Ten of my favorite reads in 2009

I thought it would be appropriate to look back over the books I read in 2009 and pick out a few of my favorites.  Keep in mind what follows is my list of favorite reads in 2009 not books published in 2009. And the list is not in particular order or rank.

1) John the Baptizer by Brooks Hansen:

No matter your faith background, or lack of it, or your knowledge of the Bible, or lack of it, I highly recommend John The Baptizer.  Its blends the historical and the literary in ways that defy genre and subject matter to create a powerful story.

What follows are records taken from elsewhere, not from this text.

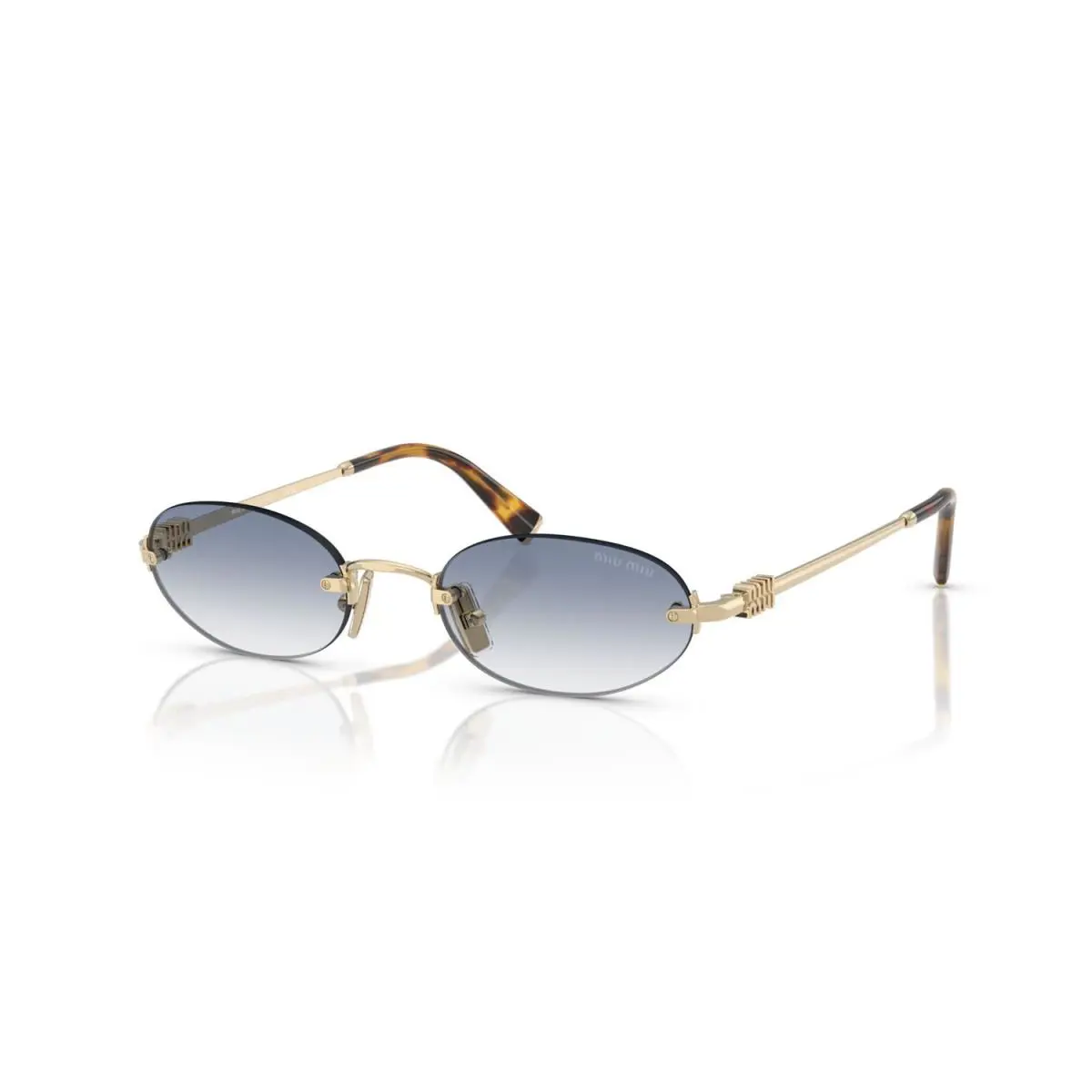 Miu Miu MUA54S ZVN80O Sunglasses 51mm Pale Gold / Clear Light Blue Gradient Lens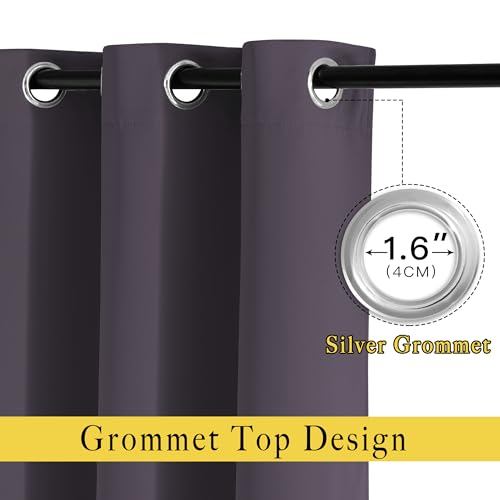 Blackout Curtain Panels 45 inches (Greyish Purple / 52"W x 45"L (Pack of 2))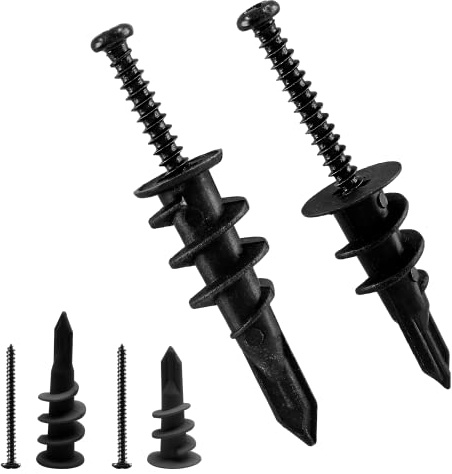 Kyuionty Set di 30 tasselli e viti autofilettanti in plastica per cartongesso, tasselli autofilettanti per cartongesso con viti # 6 x 1-1/4 (nero)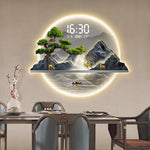 Horloge murale jaune avec affichage LED dans un intérieur contemporain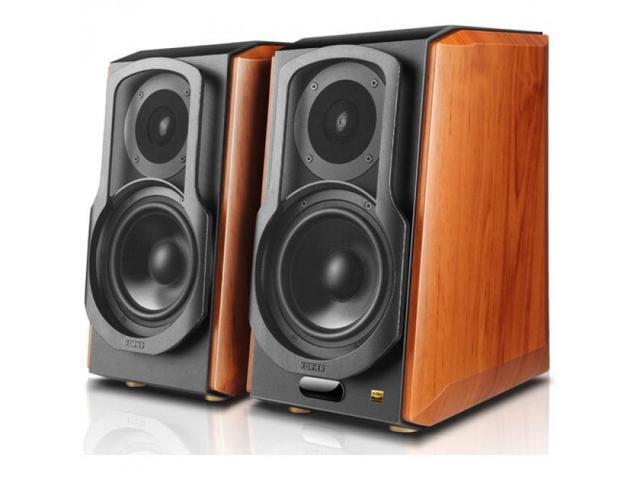 Edifier S1000W Bluetooth - WiFi Wireless Hi-Fi Bookshelf Speakers Hi-Res Audio 120 Watts (Brown)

2) Right Time, Right Place by Richard Brookhiser

For anyone wanting to understand the conservative movement, and its flagship magazine, Right Time, Right Place is a must read.  And anyone interested in becoming a journalist/writer would do well to read it. But at its heart is a more humane vision: that being true to your ideals and friends is what’s important.

3) The Everafter War by Michael Buckley

With the Everafter War Michael Buckley again shows why this series has won the acclaim and popularity it has.  Each book has just the right amount of humor and seriousness; of plot and character development mixed with satire and slapstick.  He keeps the reader guessing – although both the traitor and the master are pretty easy to spot – and despite all the silliness (and the YA audience) the characters are surprisingly well developed. It is just an ideal light read for me and for kids of all ages.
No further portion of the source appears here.